Natanaël quant à lui, ne lâchait pas le bras d'Aeria et il le tenait si fermement qu'il lui coupait la circulation sanguine.

— Incroyable, commença Lauan sans quitter son affreux sourire.

Il ne portait plus son masque doré, ses lèvres étaient abîmées, tout comme son visage qui arborait d'horribles cicatrices. Cependant, il semblait s'en être accommodé à présent.

— Aeria est bel et bien en vie, poursuivit-il à travers la pluie.

Cette dernière respirait fort, trempée jusqu'aux os, elle rêvait de se jeter sur lui, de rejoindre Thearsis et de l'aider, afin qu'elle libère ses bébés.

— Lauan, elle va leur faire mal ! tenta-t-elle.

— Mais non, grommela-t-il, elle sait comment se comporter avec ses bébés.

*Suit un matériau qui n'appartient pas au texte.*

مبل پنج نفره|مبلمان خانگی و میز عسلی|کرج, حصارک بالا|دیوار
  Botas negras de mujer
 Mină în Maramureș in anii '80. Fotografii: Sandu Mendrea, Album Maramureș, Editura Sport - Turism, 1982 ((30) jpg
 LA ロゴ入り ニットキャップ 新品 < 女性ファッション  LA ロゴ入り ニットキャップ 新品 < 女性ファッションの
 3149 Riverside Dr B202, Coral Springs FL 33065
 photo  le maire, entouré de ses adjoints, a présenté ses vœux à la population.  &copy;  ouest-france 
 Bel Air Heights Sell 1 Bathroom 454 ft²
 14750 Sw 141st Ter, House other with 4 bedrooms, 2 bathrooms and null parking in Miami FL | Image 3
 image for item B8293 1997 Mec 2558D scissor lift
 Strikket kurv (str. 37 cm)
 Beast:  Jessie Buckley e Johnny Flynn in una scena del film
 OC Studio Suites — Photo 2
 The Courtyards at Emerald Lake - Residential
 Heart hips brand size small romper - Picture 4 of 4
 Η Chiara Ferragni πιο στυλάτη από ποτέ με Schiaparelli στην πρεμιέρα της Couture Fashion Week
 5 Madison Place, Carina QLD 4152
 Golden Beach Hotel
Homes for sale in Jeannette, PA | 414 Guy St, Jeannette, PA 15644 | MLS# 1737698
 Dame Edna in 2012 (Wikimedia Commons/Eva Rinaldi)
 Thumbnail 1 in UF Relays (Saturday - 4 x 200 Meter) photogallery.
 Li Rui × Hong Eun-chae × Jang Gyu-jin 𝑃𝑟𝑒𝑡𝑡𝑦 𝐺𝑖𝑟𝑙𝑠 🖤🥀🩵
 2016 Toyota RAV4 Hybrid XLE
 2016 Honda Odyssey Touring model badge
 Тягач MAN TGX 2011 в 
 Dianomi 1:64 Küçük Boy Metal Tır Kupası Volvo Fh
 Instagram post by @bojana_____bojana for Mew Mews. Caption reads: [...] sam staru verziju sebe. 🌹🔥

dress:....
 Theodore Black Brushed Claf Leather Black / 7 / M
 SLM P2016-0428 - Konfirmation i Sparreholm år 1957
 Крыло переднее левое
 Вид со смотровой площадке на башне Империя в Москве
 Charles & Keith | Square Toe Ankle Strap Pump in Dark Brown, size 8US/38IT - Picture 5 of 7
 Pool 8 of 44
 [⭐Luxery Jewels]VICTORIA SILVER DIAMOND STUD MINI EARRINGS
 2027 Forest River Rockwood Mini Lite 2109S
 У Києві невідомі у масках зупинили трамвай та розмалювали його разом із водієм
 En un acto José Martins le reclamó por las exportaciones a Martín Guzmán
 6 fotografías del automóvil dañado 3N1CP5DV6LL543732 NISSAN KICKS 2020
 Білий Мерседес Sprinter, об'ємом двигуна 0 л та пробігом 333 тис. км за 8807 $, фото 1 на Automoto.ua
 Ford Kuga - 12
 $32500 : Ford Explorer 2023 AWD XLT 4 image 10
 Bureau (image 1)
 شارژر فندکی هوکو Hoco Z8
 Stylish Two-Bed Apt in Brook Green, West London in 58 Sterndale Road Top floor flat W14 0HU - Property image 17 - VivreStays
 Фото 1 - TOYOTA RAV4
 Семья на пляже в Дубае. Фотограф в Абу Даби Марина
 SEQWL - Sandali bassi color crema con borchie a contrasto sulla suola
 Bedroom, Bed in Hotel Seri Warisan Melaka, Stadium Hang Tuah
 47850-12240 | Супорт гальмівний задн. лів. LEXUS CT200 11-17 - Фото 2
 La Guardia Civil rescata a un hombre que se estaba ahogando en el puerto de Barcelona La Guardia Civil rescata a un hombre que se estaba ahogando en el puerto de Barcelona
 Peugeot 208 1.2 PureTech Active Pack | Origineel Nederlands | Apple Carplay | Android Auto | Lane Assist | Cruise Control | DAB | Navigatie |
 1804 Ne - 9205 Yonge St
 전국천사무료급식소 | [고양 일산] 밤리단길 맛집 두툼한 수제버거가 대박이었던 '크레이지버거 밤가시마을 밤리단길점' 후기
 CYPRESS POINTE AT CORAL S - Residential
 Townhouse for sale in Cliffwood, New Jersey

— Je vous conseille de quitter mes terres, gronda Hervos son épée en main.

Lauan tourna la tête vers lui, haussa les sourcils et se mit à rire. Un rire lugubre, mêlé à cette cicatrice qui dessinait un demi sourire sur son visage devenu ingrat.

— Natanaël... souffla Aeria, il tient les Dragons par la violence...

— Je sais, rétorqua-t-il. Je réfléchis, laissez moi une minute...

— N'avancez-pas ! gronda Hervos son épée en avant lorsque Lauan voulut s'approcher de lui.

— Sinon quoi petit paysan ? Tu vas me tuer ?

— Vous devrez vous défendre seul, votre Dragon ne peut pas cracher de feu.

— Non, mais il peut t'écraser comme un vulgaire insecte, vociféra le roi.

— Je défendrai mes terres jusqu'à ma mort.

— Ces terres m'appartiennent dorénavant, menaça Lauan.

Natanaël se mordillait les lèvres, observant les Dragons, le roi, ses amis, les plaines alentours... Il lui fallait trouver un plan et vite. Il leur fallait fuir, mais jamais sans les Dragons.